18

I'm trying to find the most pythonic way to split a string like

"some words in a string"

into single words. string.split(' ') works ok but it returns a bunch of white space entries in the list. Of course i could iterate the list and remove the white spaces but I was wondering if there was a better way?

jonathan topf
  • 7,897
  • 17
  • 55
  • 85

6 Answers6

41

Just use my_str.split() without ' '.


More, you can also indicate how many splits to perform by specifying the second parameter:

>>> ' 1 2 3 4  '.split(None, 2)
['1', '2', '3 4  ']
>>> ' 1 2 3 4  '.split(None, 1)
['1', '2 3 4  ']
K Z
  • 29,661
  • 8
  • 73
  • 78
15

How about:

re.split(r'\s+',string)

\s is short for any whitespace.
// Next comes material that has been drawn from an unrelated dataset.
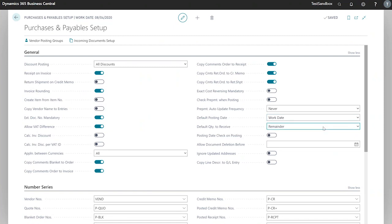Lastly, we've got default quantity to receive. When we enter into a document, if we have remainder set, our quantity to receive column will be set to the remainder of items or services that we are still to receive. If it's selected as blank, then we will have a blank field.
So \s+ is a contiguous whitespace.

codaddict
  • 445,704
  • 82
  • 492
  • 529
8

Use string.split() without an argument or re.split(r'\s+', string) instead:

>>> s = 'some words in a string   with  spaces'
>>> s.split()
['some', 'words', 'in', 'a', 'string', 'with', 'spaces']
>>> import re; re.split(r'\s+', s)
['some', 'words', 'in', 'a', 'string', 'with', 'spaces']

From the docs:

If sep is not specified or is None, a different splitting algorithm is applied: runs of consecutive whitespace are regarded as a single separator, and the result will contain no empty strings at the start or end if the string has leading or trailing whitespace. Consequently, splitting an empty string or a string consisting of just whitespace with a None separator returns [].

ThiefMaster
  • 310,957
  • 84
  • 592
  • 636
3
>>> a = "some words in a string"
>>> a.split(" ")
['some', 'words', 'in', 'a', 'string']

split parameter is not included in the result, so i guess theres something more about your string. otherwise, it should work

if you have more than one whitespace just use split() without parameters

>>> a = "some words in a string     "
>>> a.split()
['some', 'words', 'in', 'a', 'string']
>>> a.split(" ")
['some', 'words', 'in', 'a', 'string', '', '', '', '', '']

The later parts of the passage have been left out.